The Summer Shack Lobster Roll
It may not be a po’boy but it sure can make you one in a hurry unless you take advantage of a local market’s special like we did.  My sous chef pounced when Jensen’s offered uncooked lobster tails for a mere pittance.  He loves crustaceans of all kinds and attacks them with unmitigated gusto, although with far more refinement than Jennifer Beal in Flashdance.  So when he proffered his treasure with the challenge to “make something good,” I needed my “A” game.  One does not waste lobster no matter the price.
Luscious little lobster tails
Fortunately, I came up with  a great dish that both met the challenge and allowed me to take a little culinary “stay-cation” to Maine.  The Summer Shack Classic Maine Lobster Roll is a true delight and worth the splurge!  It is a lusciously creamy cold lobster salad stuffed into a light, buttery roll.  Add  lettuce and some potato chips and you can almost hear the pounding surf and smell the sweet, salt air.  And the best thing about this stay-cation  is it doesn’t set you back for airfare, hotel and all those gifts you need to bring back for those you left behind.

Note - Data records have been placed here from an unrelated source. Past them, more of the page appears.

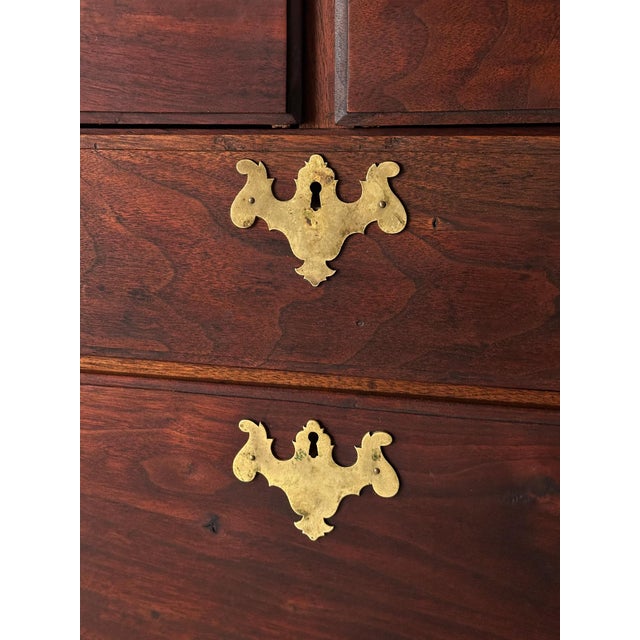 Chippendale-Style Black Walnut Tall Chest of Drawers, 1930s For Sale - Image 10 of 17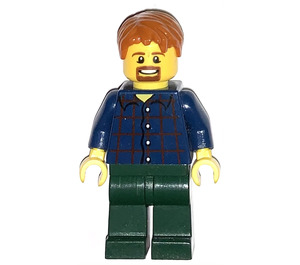 LEGO Człowiek W Plaid Koszula Minifigurka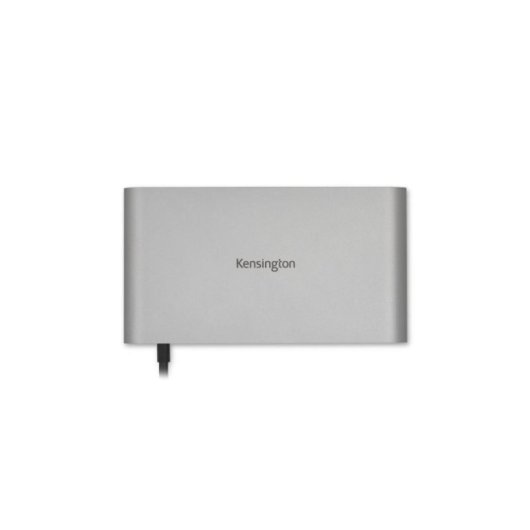Replicador USB-C Kensington UH1440P 85W 4K DP/HDMI/VGA 3xUSB-A SD Ethernet Plata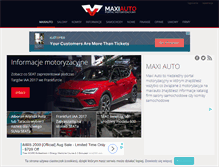 Tablet Screenshot of maxiauto.pl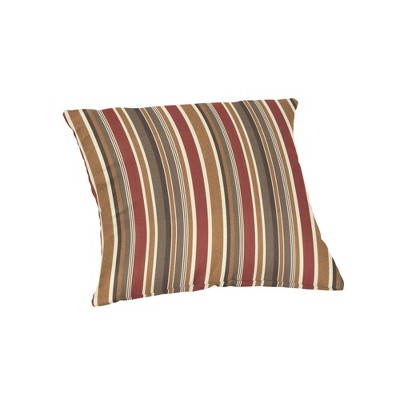 Casual Cushion Stripe Sunbrella Fabric 1-Piece Indoor/Outdoor Square Throw Pillow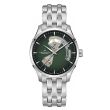 Hamilton Jazzmaster Open Heart Green Steel | 40mm H32675160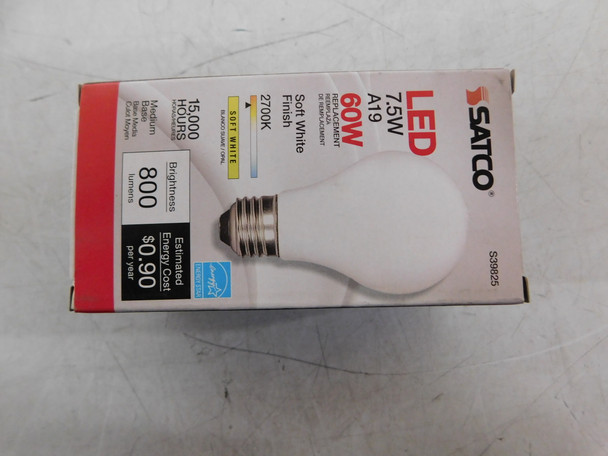 Satco S39825 LED Bulbs 19A 60W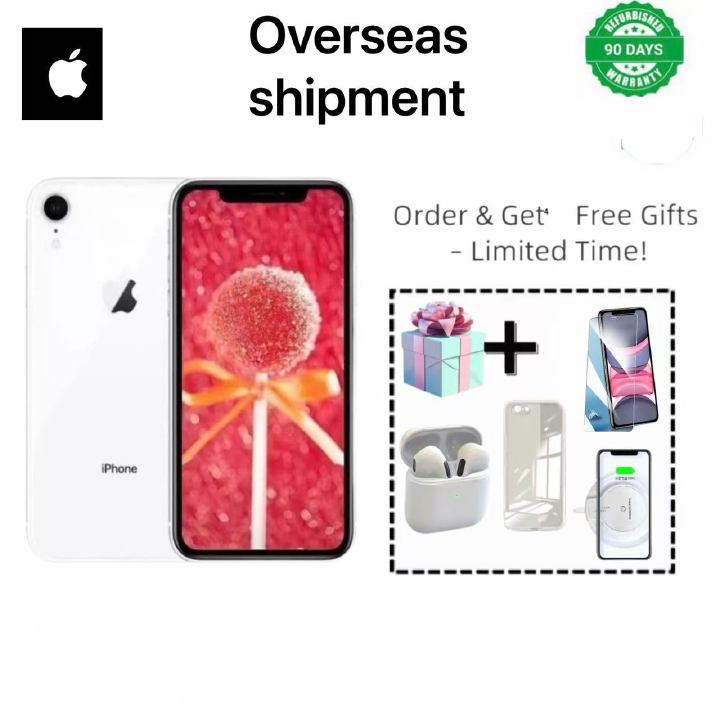 Refurbished Apple iPhone XR 128GB + 3GB RAM, 12MP Camera, 6.1-inch Unlocked Version, Dual nano-SIM, 2G/3G/4G/LTE, 12MP Rear + 7MP Front Cameras, A12 Bionic Processor, Face ID System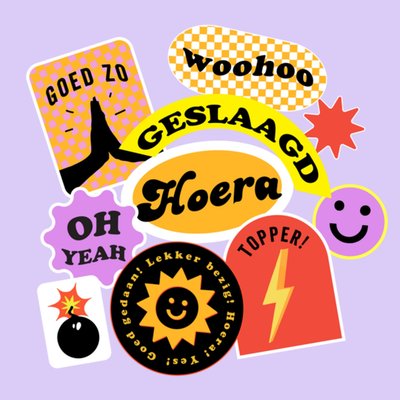 Greetz | Geslaagd kaart | illustratie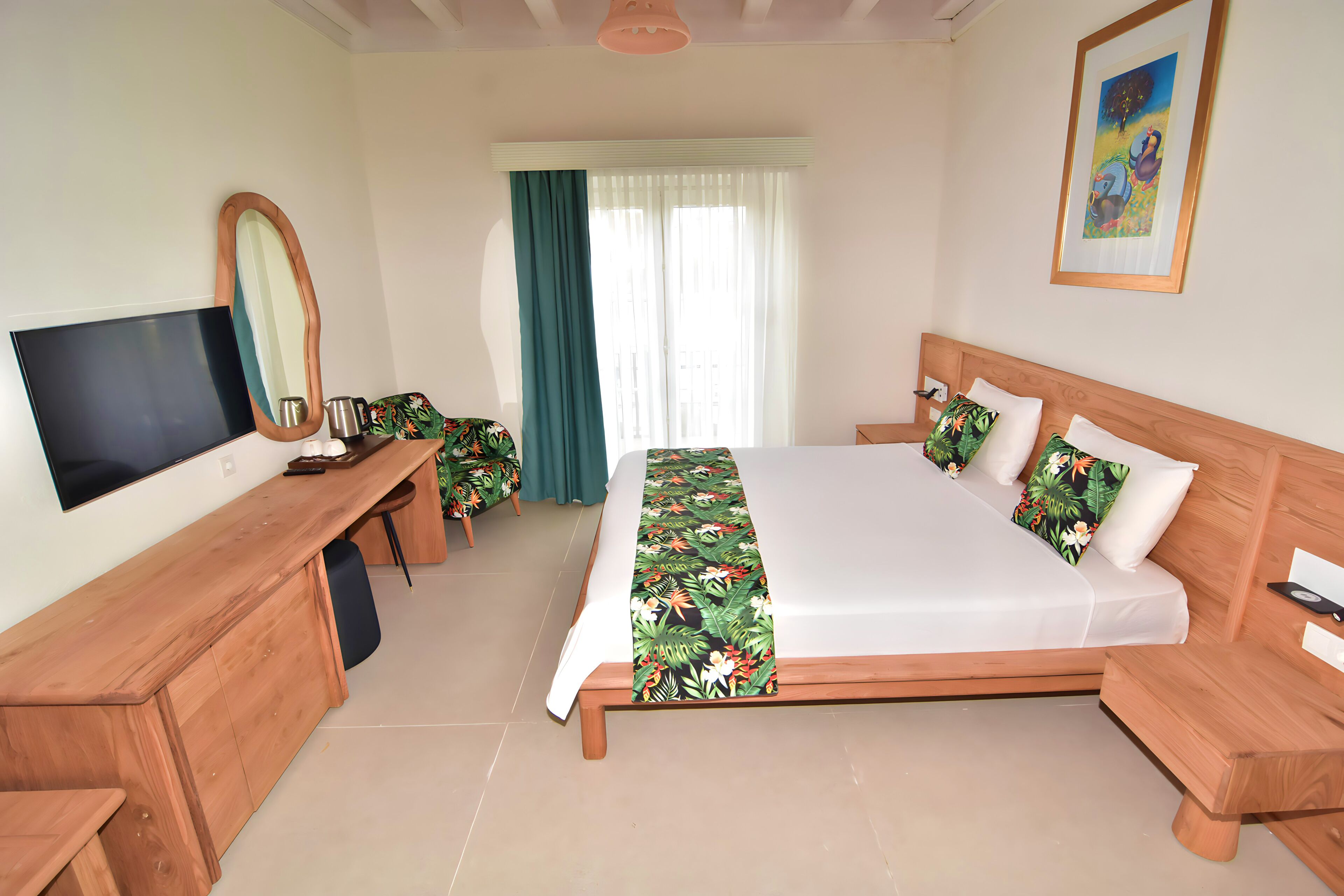 Standaard tweepersoonskamer | Luxe beddengoed, een minibar, een kluis op de kamer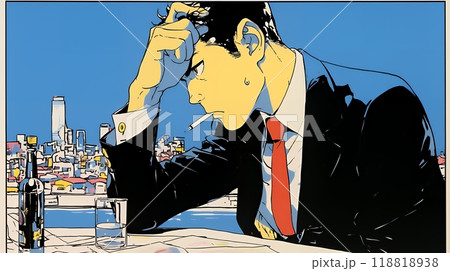 苦悩しているビジネスパーソン
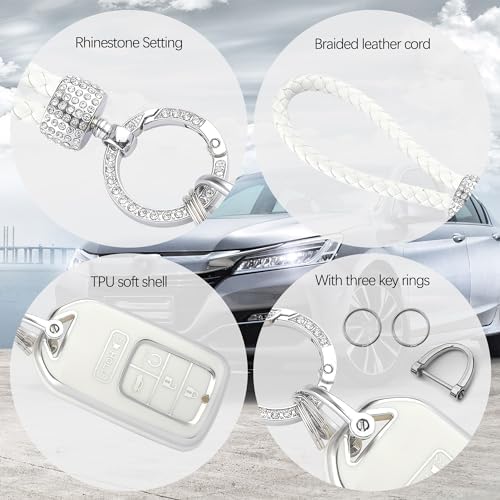 Car Key Fob Cover with Key Chain, 5 Buttons Key Fob Protector Compatible with - Image 5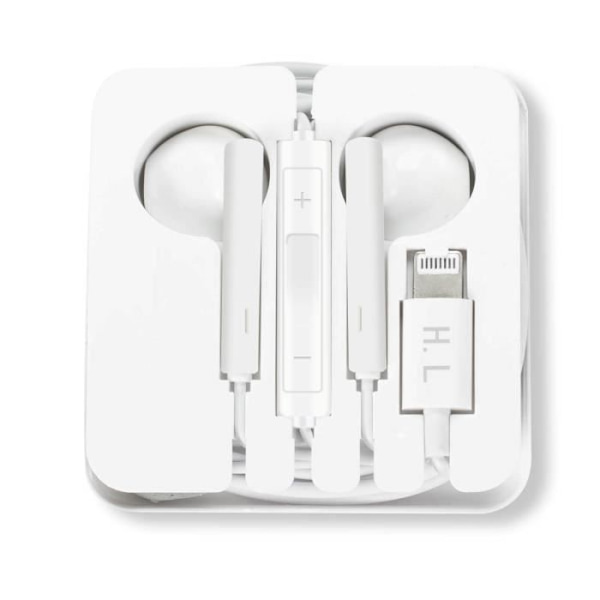 Hörlurar - Apple - Lightning - In-ear - Handsfree-kit - Integrerad fjärrkontroll Vit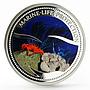 Palau 5 dollars Marine Life Protection series King Red Crab silver coin 2003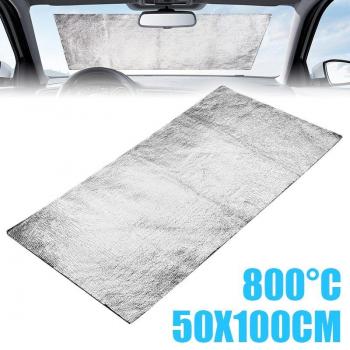 1 pc 50x100cm Self-Adhesive Heat Shield Film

The start of lobster salad
A few quick notes.  Make the lobster salad first for it needs at least 30 minutes resting time.  If you can’t find New England Style hot dog buns, a longer roll with a split in the top can be used.  Just make sure whatever roll you use is light and airy and wide enough to hold the lobster salad.  Dorie Greenspan’s Café Style Carrot Salad was a refreshing accompaniment to the lobster roll.
Everything looks better with lobster
Classic Maine Lobster Roll
The Summer Shack Cookbook, Page 278
4 New England Style Hot Dog Buns
4 Tablespoons Unsalted Butter, Softened
4 Boston or Bibb Lettuce Leaves, Washed and Dried
Lobster Salad (recipe below)
Potato Chips
Heat a 10-inch skillet (or tostapane)  over medium heat.  Brush the sides of the buns with butter and place the buttered buns in the hot skillet (or on tostapane) and toast until golden.  Turn and cook other side.  (I split my rolls open and buttered/toasted the inside for a little extra buttery crispness.)
Open the buns, add lettuce  and top with the lobster salad.  Serve with potato chips.
Toasting the rolls on the “tostapane”
Buttery, crisp roll ready for lobster
Lobster Salad
Makes 2 Cups
1 Pound Cooked Lobster Meat (I used lobster tails for ease of cooking and freezing until needed)
1 Small to Medium Cucumber – Peeled, Seeded, and Diced
½ cup Hellman’s or other quality Mayonnaise
2-3 Small Scallions
Freshly Ground Pepper
Sea Salt if needed
Cook and cool the lobsters and then remove the meat.  I love my seafood scissors for it makes this task a breeze, especially when working with lobster tails or the whole lobster.  Cut the lobster meat into chunks, preferably in the ½ inch size.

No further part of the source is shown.